L'abete (finto) che fa litigare Bruxelles

Redazione

La prima reazione è: meglio niente. Meglio niente, piuttosto che quell’installazione spettrale (tubi metallici e parallelepipedi bianchi di tela plastificata, illuminati dall’interno, per un totale di 25 metri di altezza) che dalla scorsa settimana campeggia nella Grand-Place di Bruxelles per ricordare – ma non troppo – che tra un po’ è Natale.

    La prima reazione è: meglio niente. Meglio niente, piuttosto che quell’installazione spettrale (tubi metallici e parallelepipedi bianchi di tela plastificata, illuminati dall’interno, per un totale di 25 metri di altezza) che dalla scorsa settimana campeggia nella Grand-Place di Bruxelles per ricordare – ma non troppo – che tra un po’ è Natale. Realizzato dal collettivo 1024 Architecture come “ode all’abete” su commissione della municipalità socialista, desiderosa di “togliere un po’ di polvere al Natale”, il manufatto – costato 44.000 euro – si è subito conquistato l’ostilità dei consiglieri cristiano-democratici fiamminghi.
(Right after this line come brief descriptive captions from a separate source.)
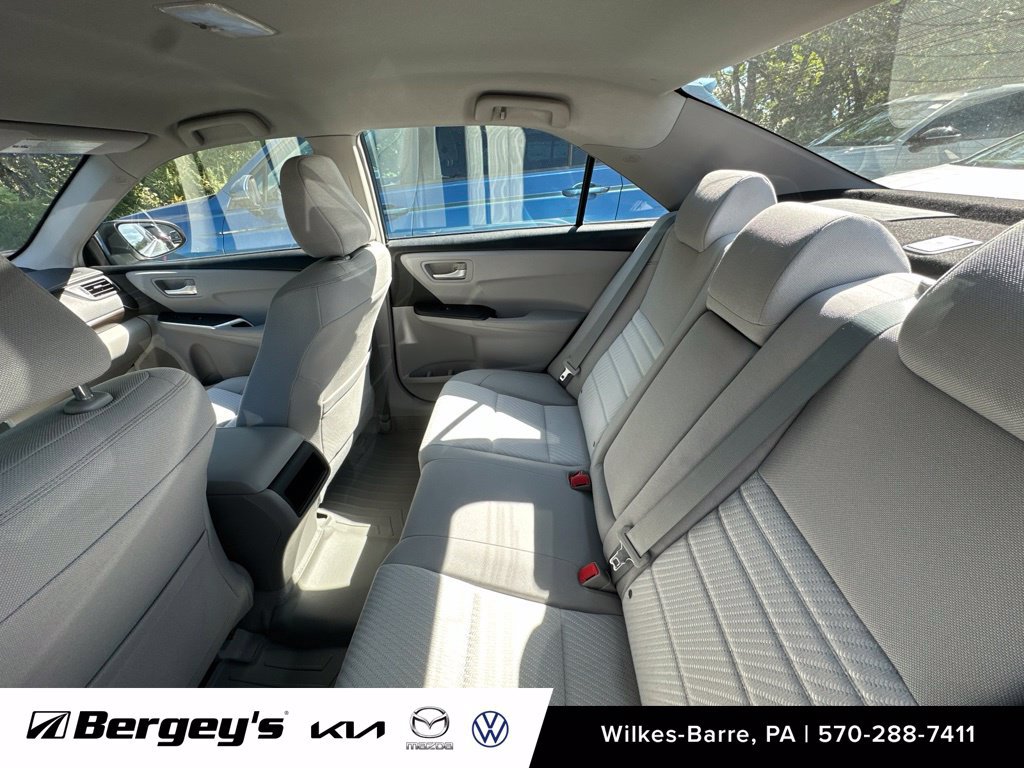 Used 2015 Toyota Camry LE FWD image 10
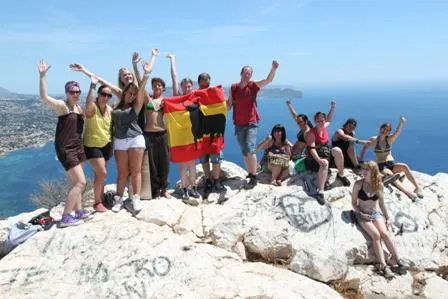 Bild: Internationale Spanischschüler hissen spanische Flagge auf der Bergspitze des Peñon de Ifach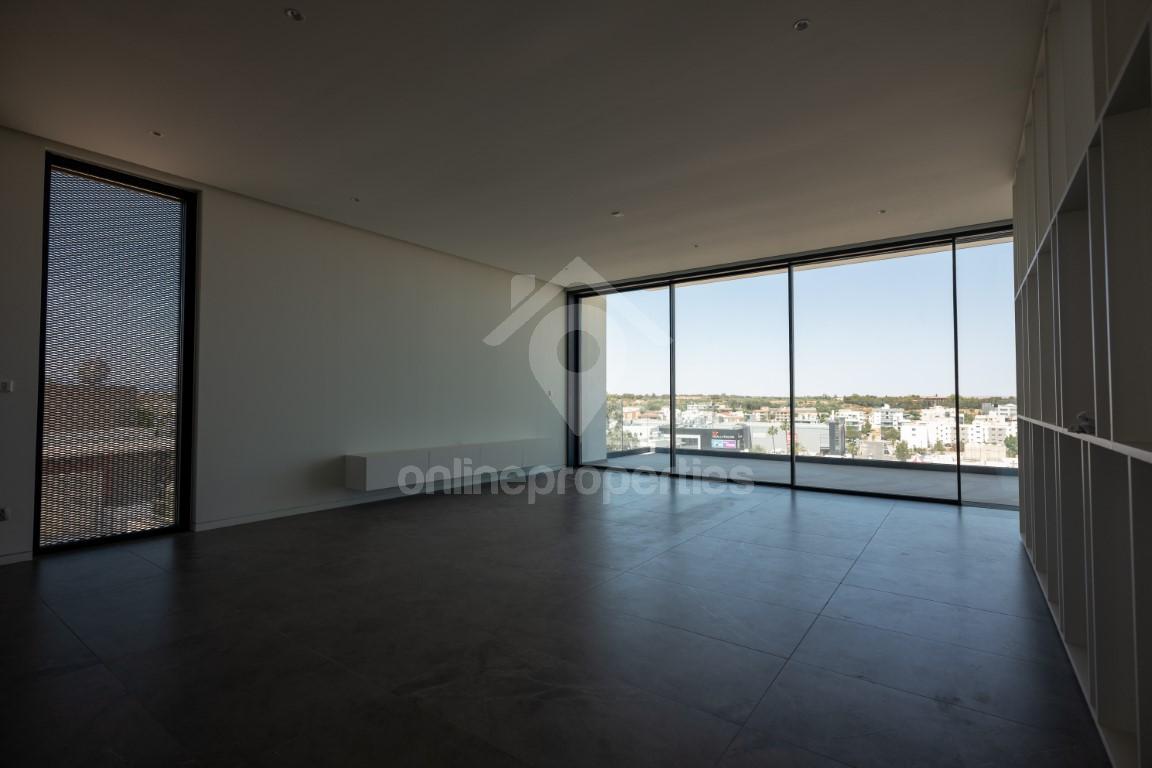 To change image, hover mouse over thumbnails below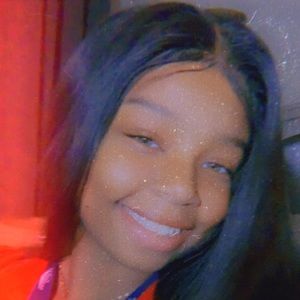 Meet your Posher, Johniece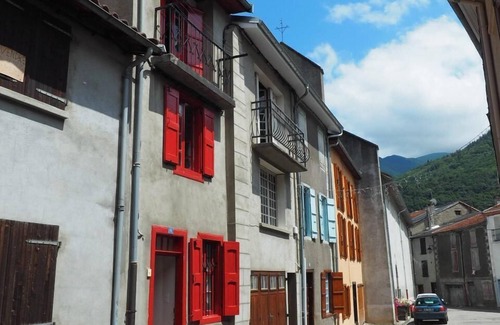 Auzat Maison | ¡Tu acogedor nido en las montañas! ¡Encantadora casa de montaña!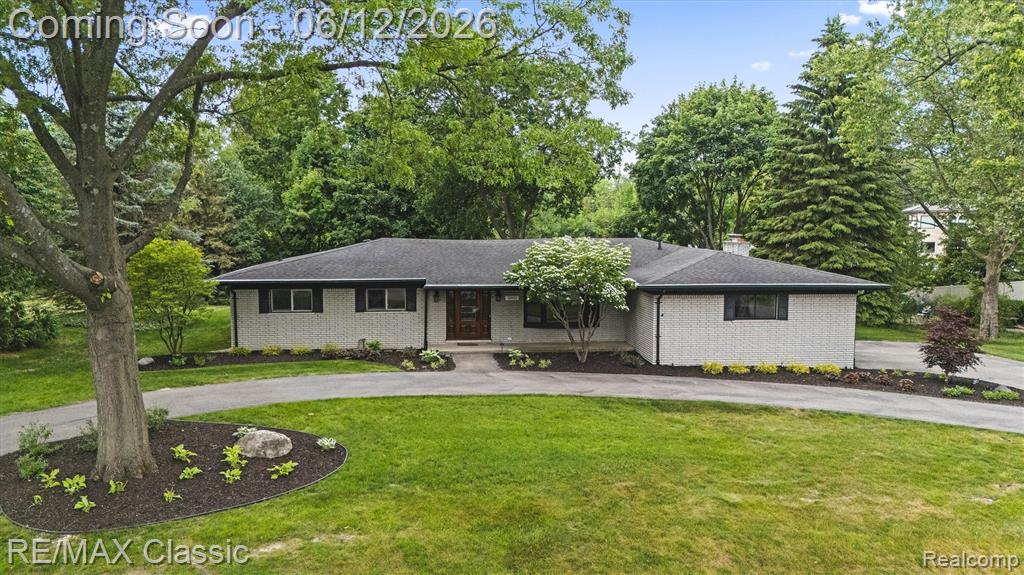 12901 Drury Lane, Plymouth, MI 48170 — front exterior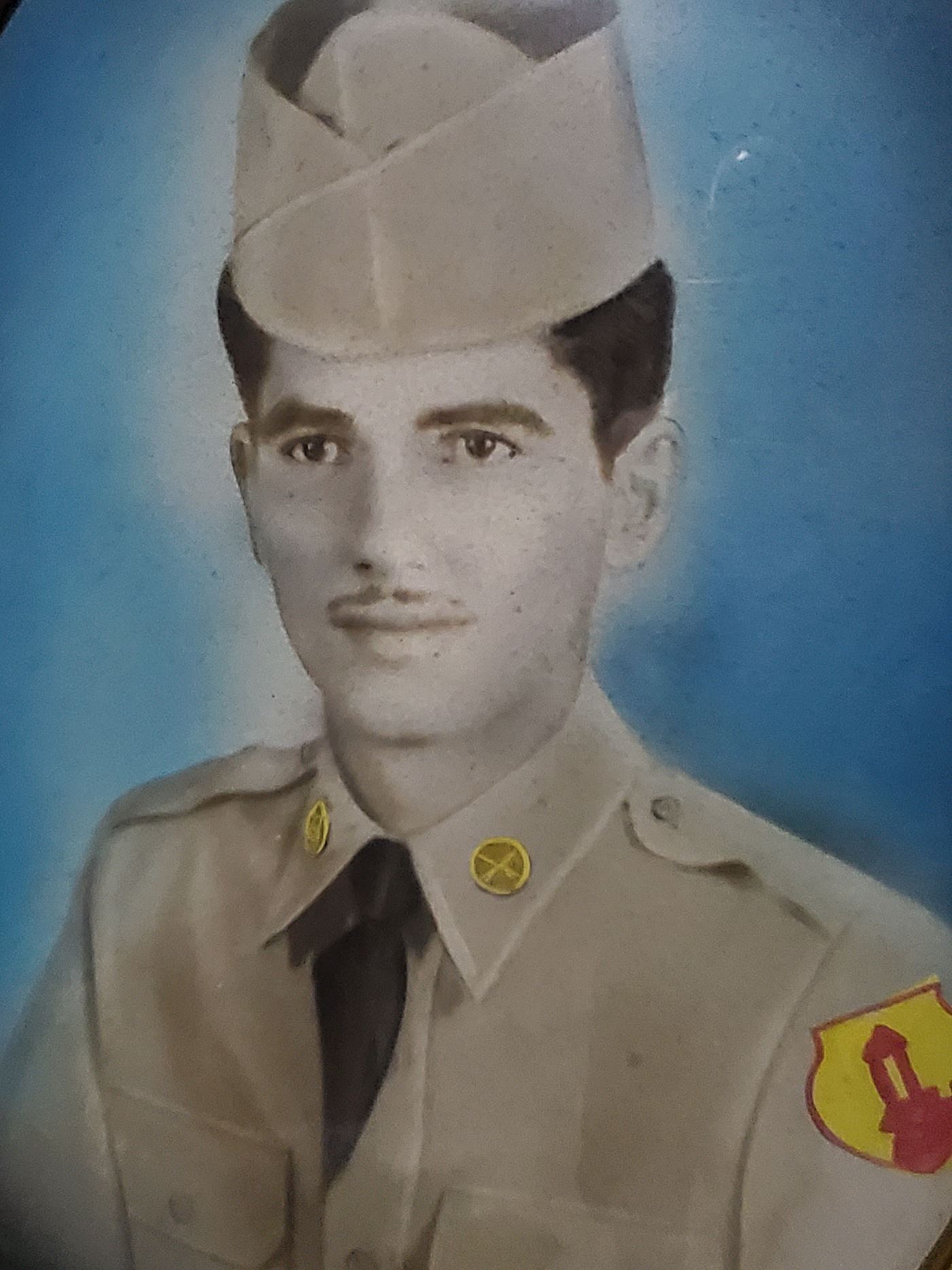 <i class="material-icons" data-template="memories-icon">account_balance</i><br/>Juan  Perez Rios, Army, PFC<br/>Born 3/12/1933<br/>Passed on 2/14/2019<br/>Posted by: Jose M Perez<br/><div class='remember-wall-long-description'>
  Te amaremos siempre</div><a class='btn btn-primary btn-sm mt-2 remember-wall-toggle-long-description' onclick='initRememberWallToggleLongDescriptionBtn(this)'>Learn more</a>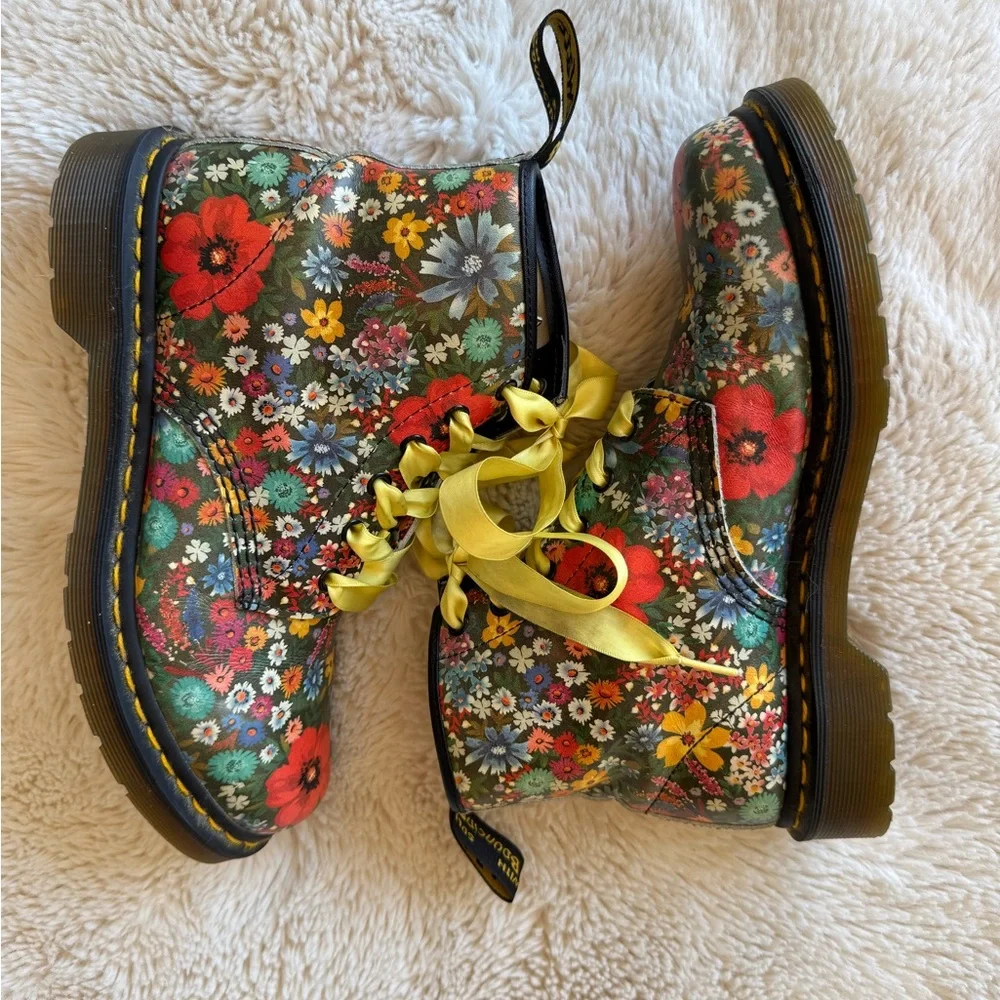 Dr. Martens Floral Boots with Yellow Laces - Picture 3 of 8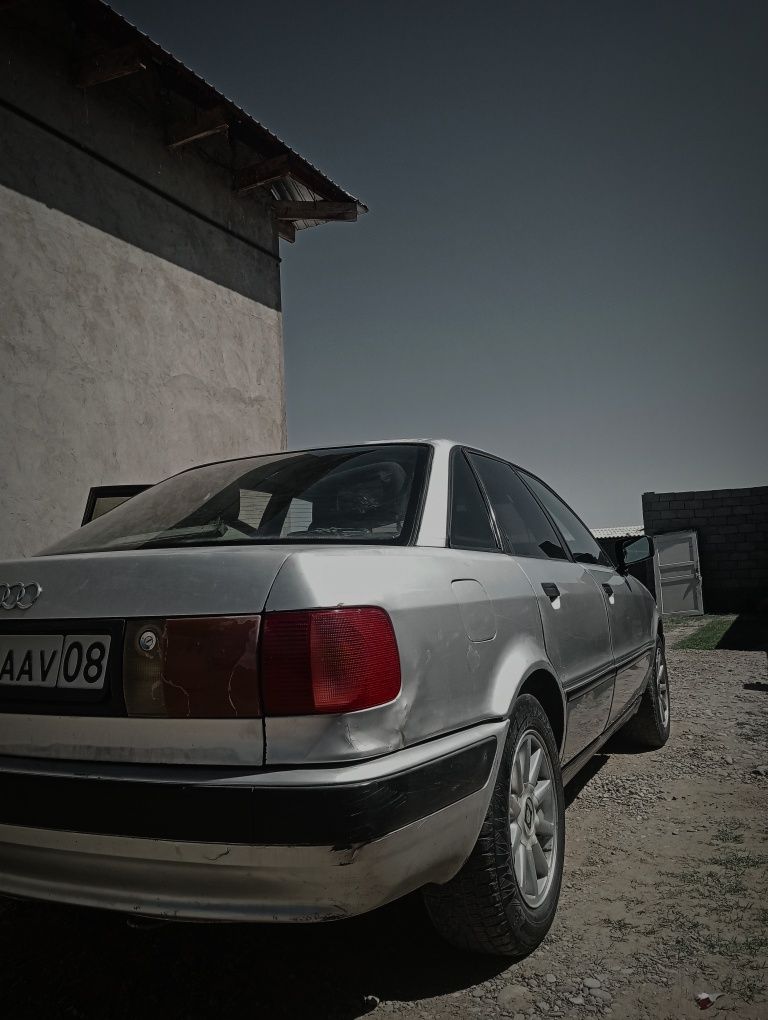 Audi 80.          .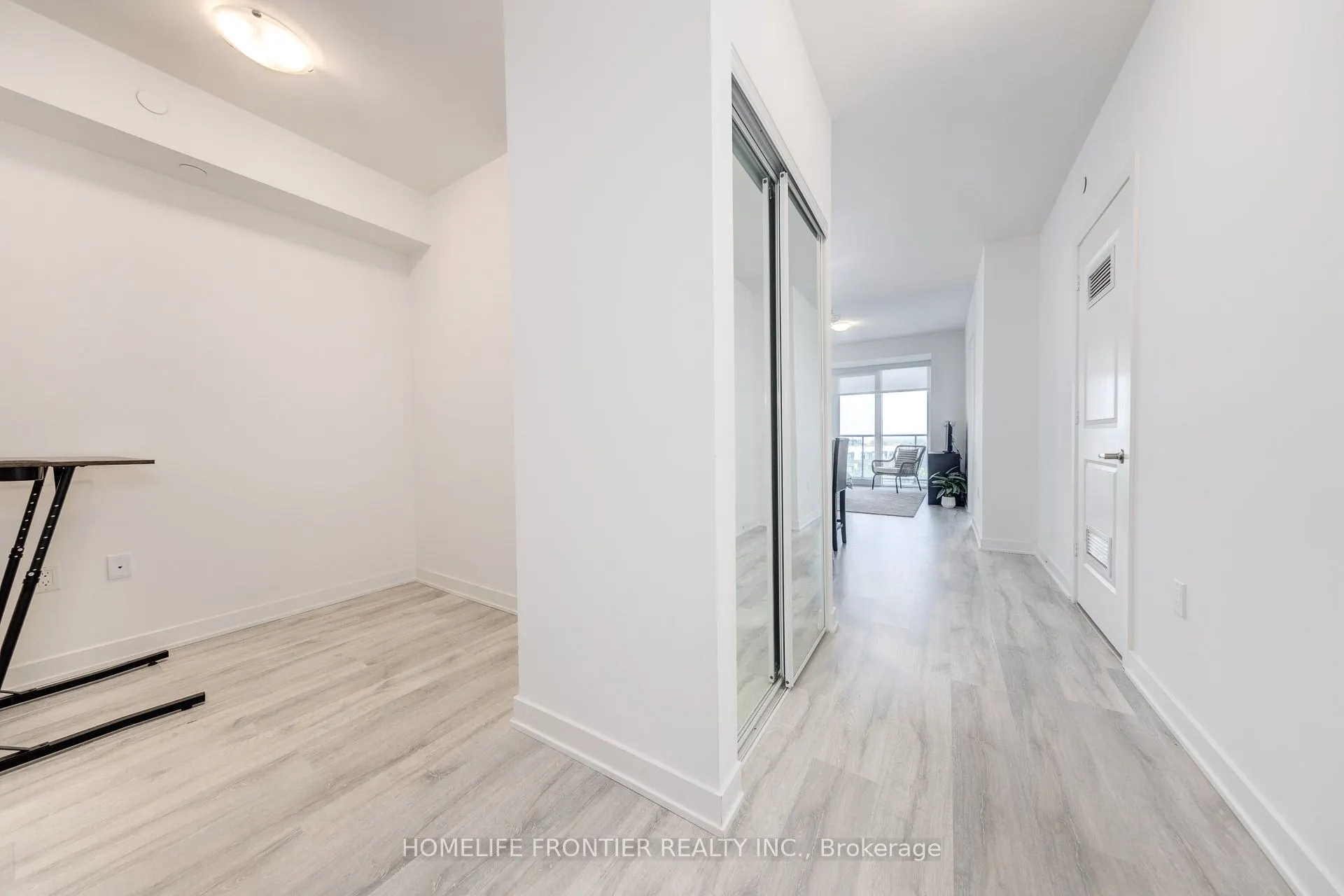 4655 Metcalfe Avenue, #406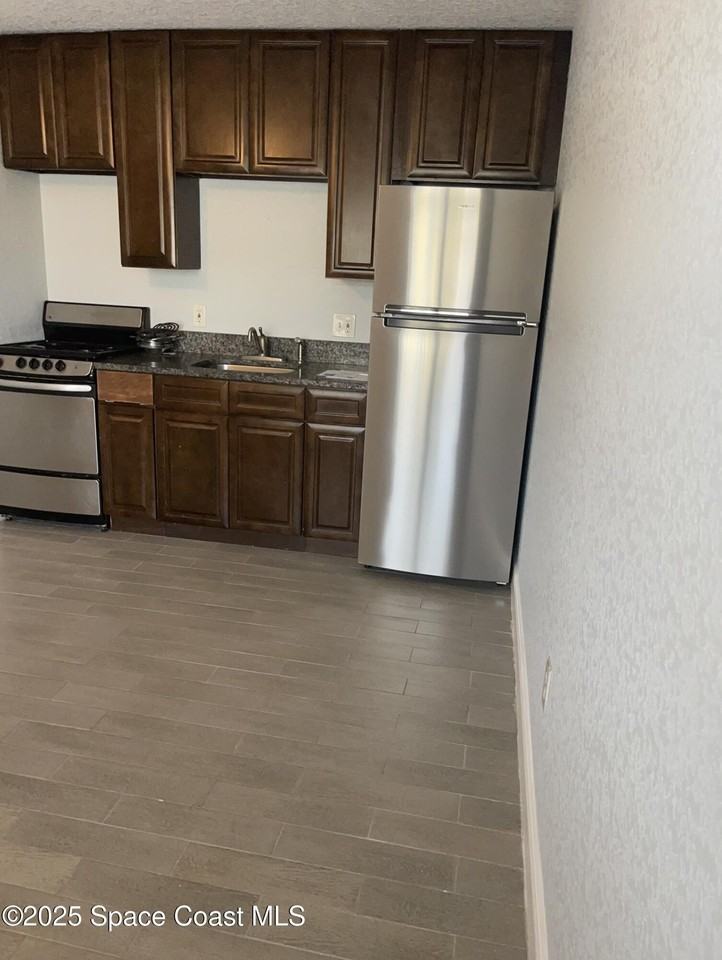 6100 Ridgewood Ave Apt 6 #6 - Photo 4 of 15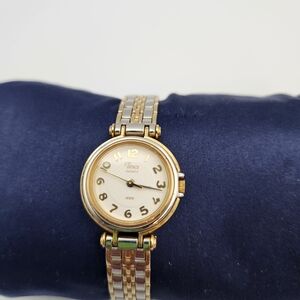 Vintage Timex Gold and Silver Two-Tone Ladies Wristwatch.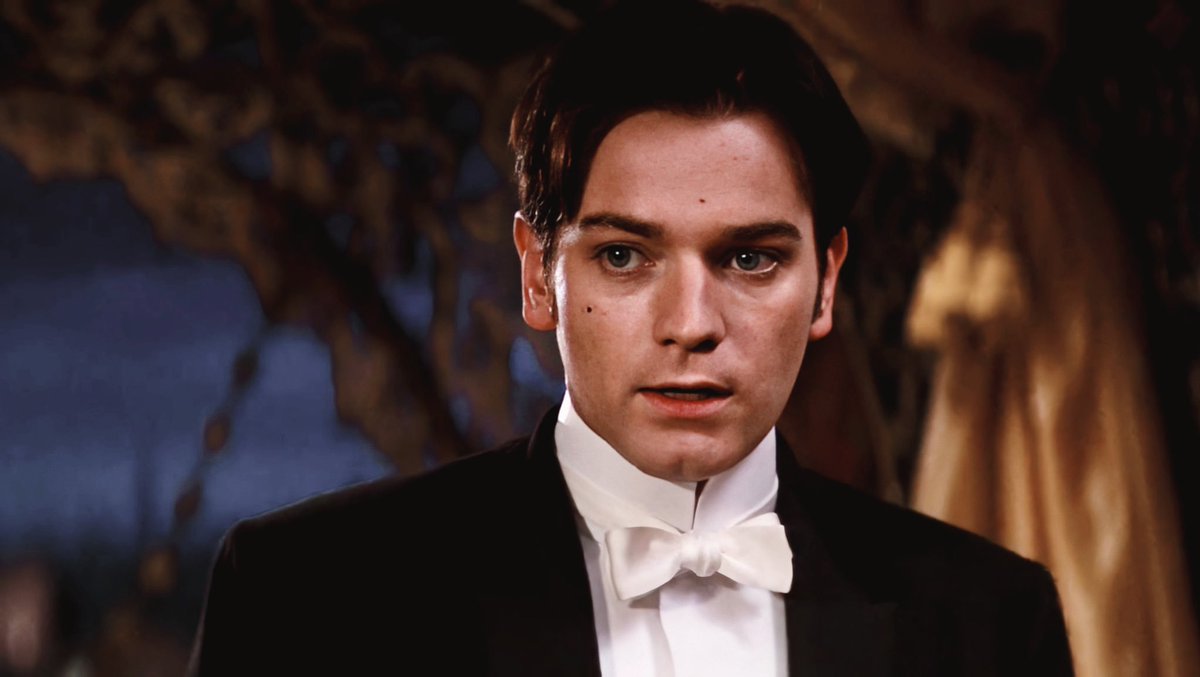 TheCinesthetic's tweet photo. ewan mcgregor in moulin rouge (2001) https://t.co/VJR1t5JOeE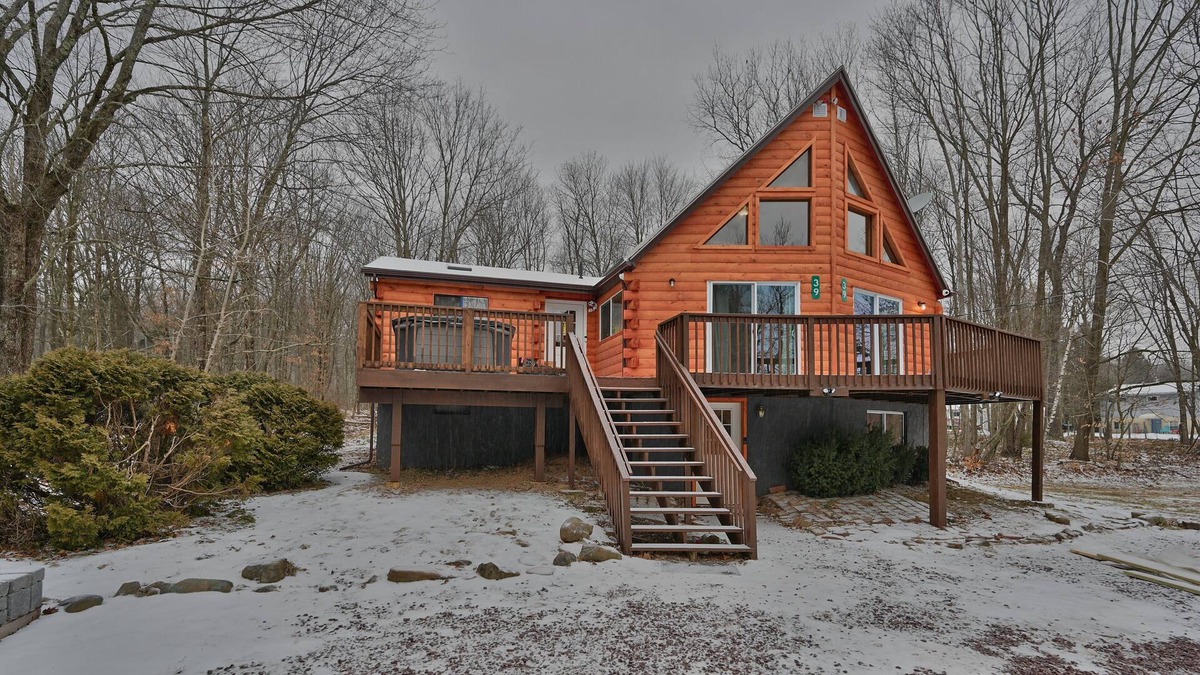 White Haven Cabin | NEW ! Lake front Lookout Log Cabin! Private Lake !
Convinti, e probabilmente non a torto, che l’operazione di “svecchiamento” della tradizione sia un modo come un altro per produrre piuttosto l’oscuramento, della medesima. Sta di fatto che, in meno di tre giorni, una petizione per “un vero albero di Natale sulla Grand-Place di Bruxelles e il rispetto dei nostri valori e delle nostre tradizioni” ha raccolto più di venticinquemila firme, mentre su Facebook si sono moltiplicate le pagine che chiedono a gran voce qualcosa di diverso da quell’imballaggio-impalcatura molto concettuale e per niente natalizio (ma è munito di scale, con le quali si può salire a venti metri d’altezza per godere del panorama della piazza: vuoi mettere?). Si può pensare tutto il male e perfino tutto il bene possibile delle acrobazie multiculturali che fanno mascherare un po’ ovunque le tracce del Natale per non offendere gli “altri”. Ma nel caso del finto albero della Grand-Place, lo schiaffo  alla tradizione è il meno. L’abete che non è un abete è, semplicemente, molto brutto. E allora, davvero, meglio niente.